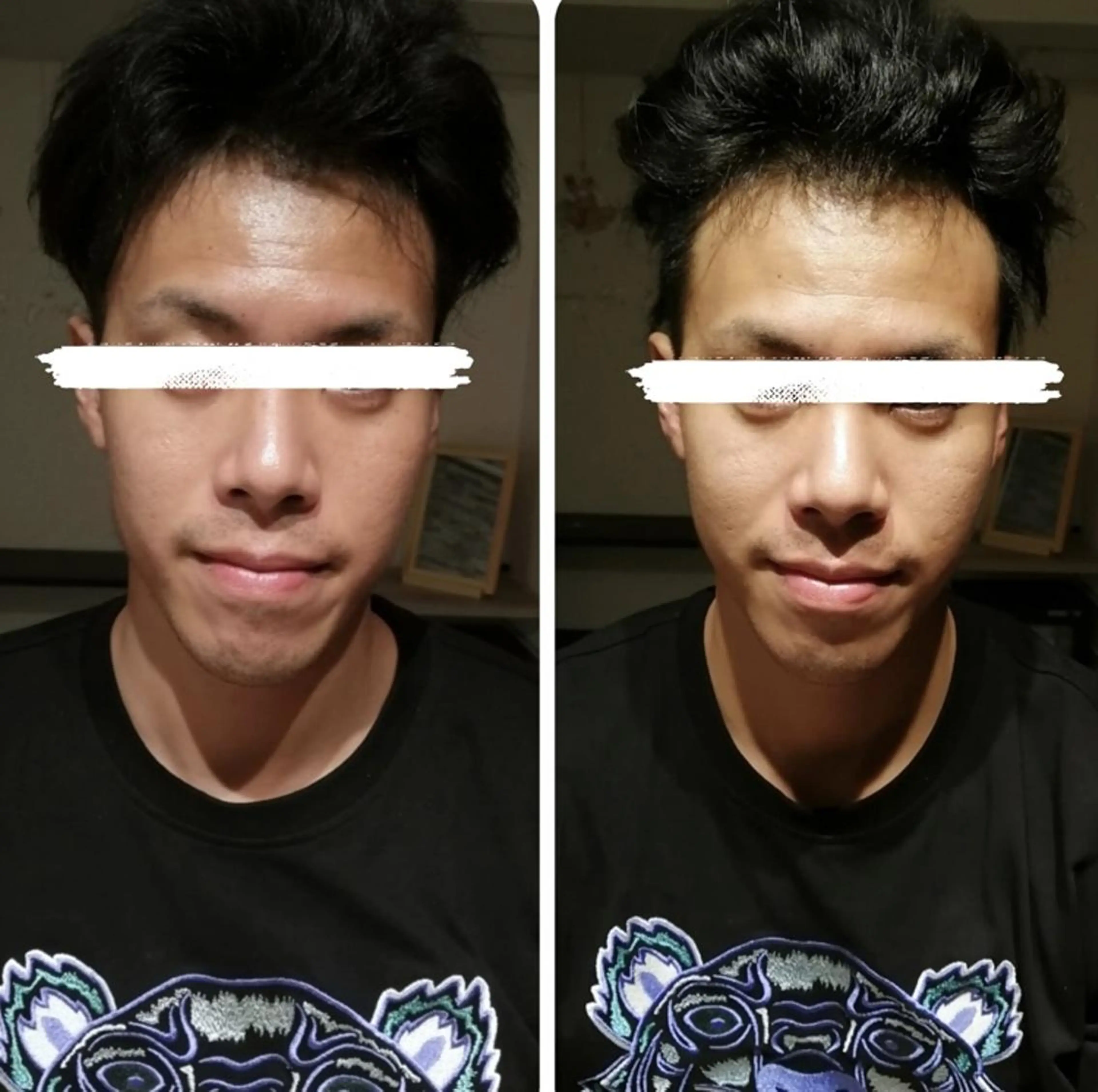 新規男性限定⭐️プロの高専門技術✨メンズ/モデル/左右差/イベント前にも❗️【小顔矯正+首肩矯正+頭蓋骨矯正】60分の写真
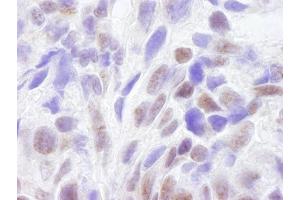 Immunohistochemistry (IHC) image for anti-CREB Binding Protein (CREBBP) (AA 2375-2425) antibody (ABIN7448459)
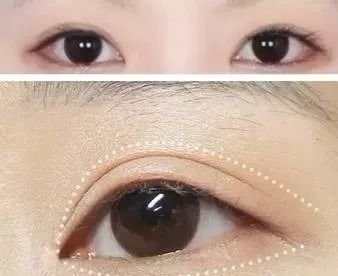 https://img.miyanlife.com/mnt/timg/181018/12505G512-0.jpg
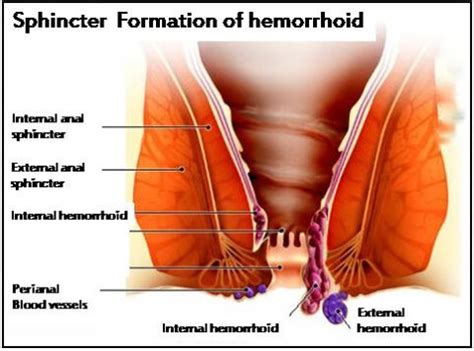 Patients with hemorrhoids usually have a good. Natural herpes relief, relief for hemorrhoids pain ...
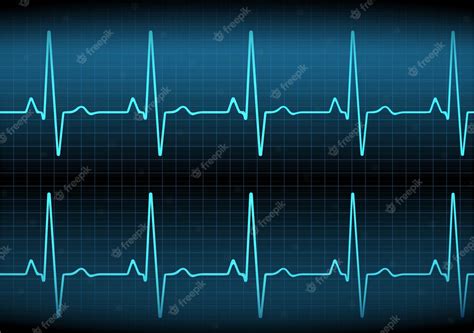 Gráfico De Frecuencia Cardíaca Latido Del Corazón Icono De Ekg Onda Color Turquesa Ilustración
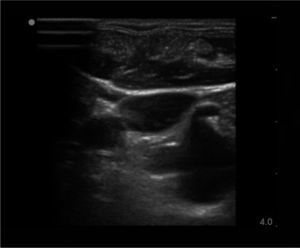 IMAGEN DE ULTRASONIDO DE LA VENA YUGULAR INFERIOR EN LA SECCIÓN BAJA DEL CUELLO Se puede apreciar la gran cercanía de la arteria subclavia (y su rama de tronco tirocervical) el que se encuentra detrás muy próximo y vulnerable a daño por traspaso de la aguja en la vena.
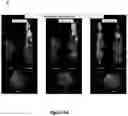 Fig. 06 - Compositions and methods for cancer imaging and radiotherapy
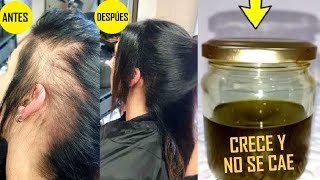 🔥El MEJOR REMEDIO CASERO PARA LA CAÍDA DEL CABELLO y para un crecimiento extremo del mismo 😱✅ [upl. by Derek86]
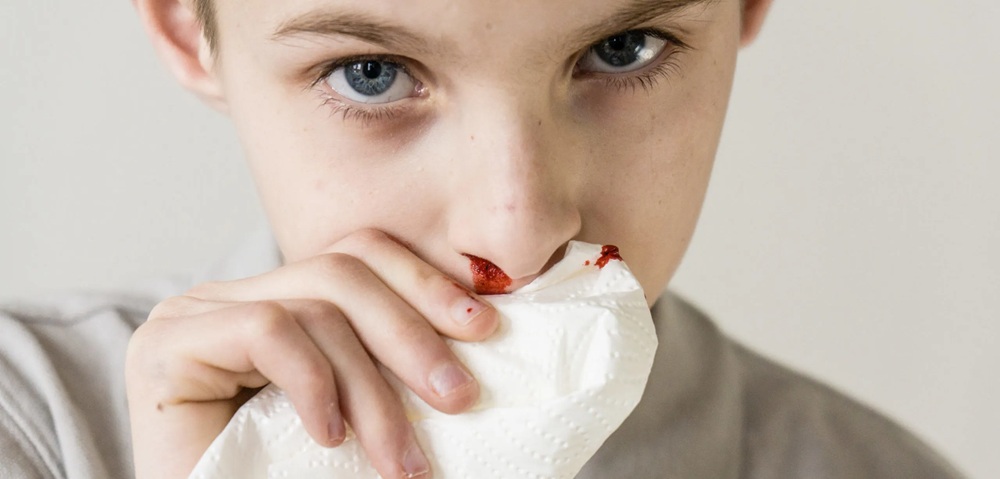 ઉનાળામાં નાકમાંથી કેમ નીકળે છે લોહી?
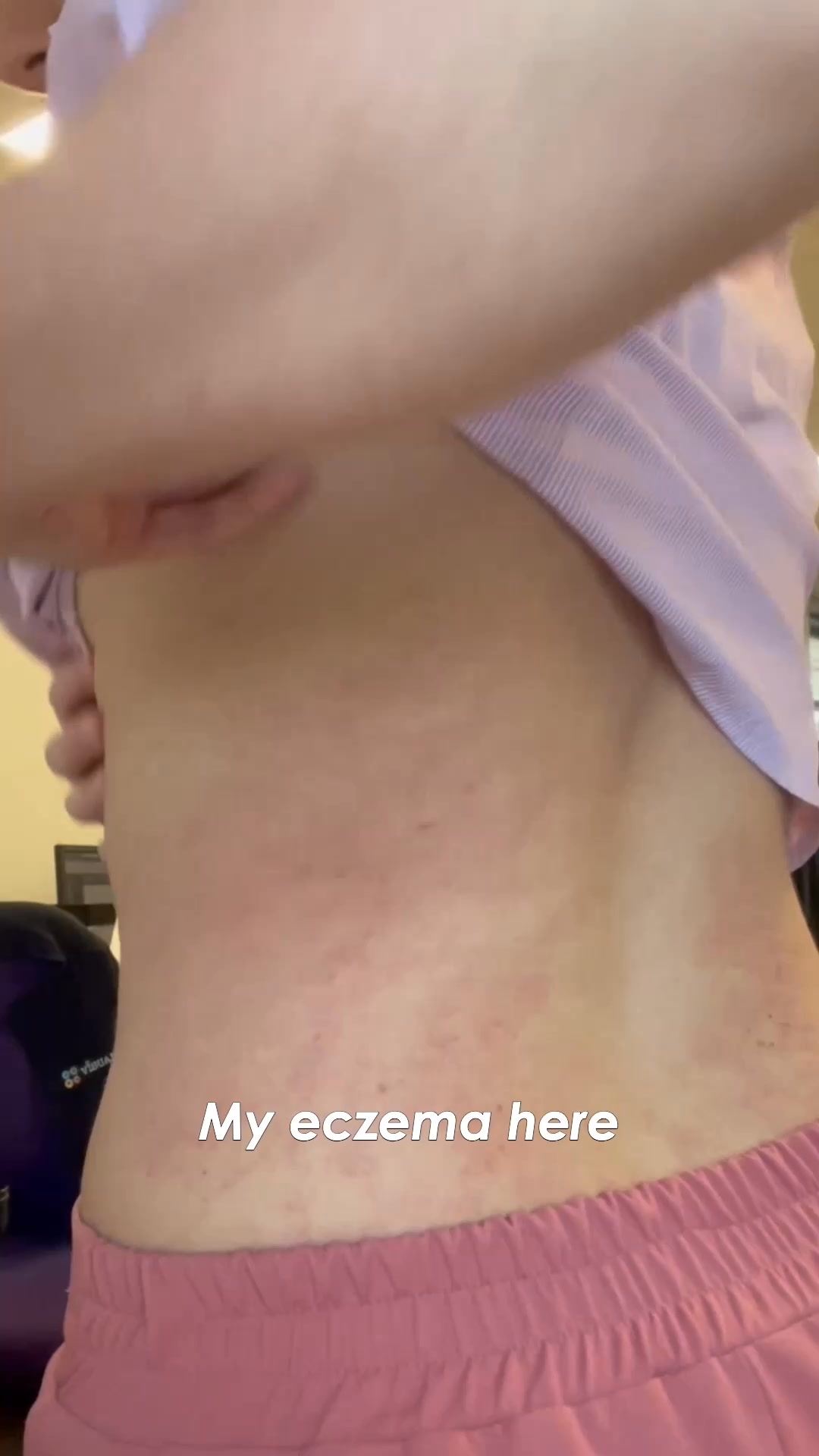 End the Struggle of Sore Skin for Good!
━━━━
Each entry above must come back exactly as written. Drop the images.

 新規男性限定⭐️プロの高専門技術✨メンズ/モデル/左右差/イベント前にも❗️【小顔矯正+首肩矯正+頭蓋骨矯正】60分の写真
 Immunohistochemistry (IHC) image for anti-CREB Binding Protein (CREBBP) (AA 2375-2425) antibody (ABIN7448459)
 https://img.miyanlife.com/mnt/timg/181018/12505G512-0.jpg
 Patients with hemorrhoids usually have a good. Natural herpes relief, relief for hemorrhoids pain ...
 Gráfico De Frecuencia Cardíaca Latido Del Corazón Icono De Ekg Onda Color Turquesa Ilustración
 IMAGEN DE ULTRASONIDO DE LA VENA YUGULAR INFERIOR EN LA SECCIÓN BAJA DEL CUELLO Se puede apreciar la gran cercanía de la arteria subclavia (y su rama de tronco tirocervical) el que se encuentra detrás muy próximo y vulnerable a daño por traspaso de la aguja en la vena.
 Fig. 06 - Compositions and methods for cancer imaging and radiotherapy
 🔥El MEJOR REMEDIO CASERO PARA LA CAÍDA DEL CABELLO y para un crecimiento extremo del mismo 😱✅ [upl. by Derek86]
 ઉનાળામાં નાકમાંથી કેમ નીકળે છે લોહી?
 End the Struggle of Sore Skin for Good!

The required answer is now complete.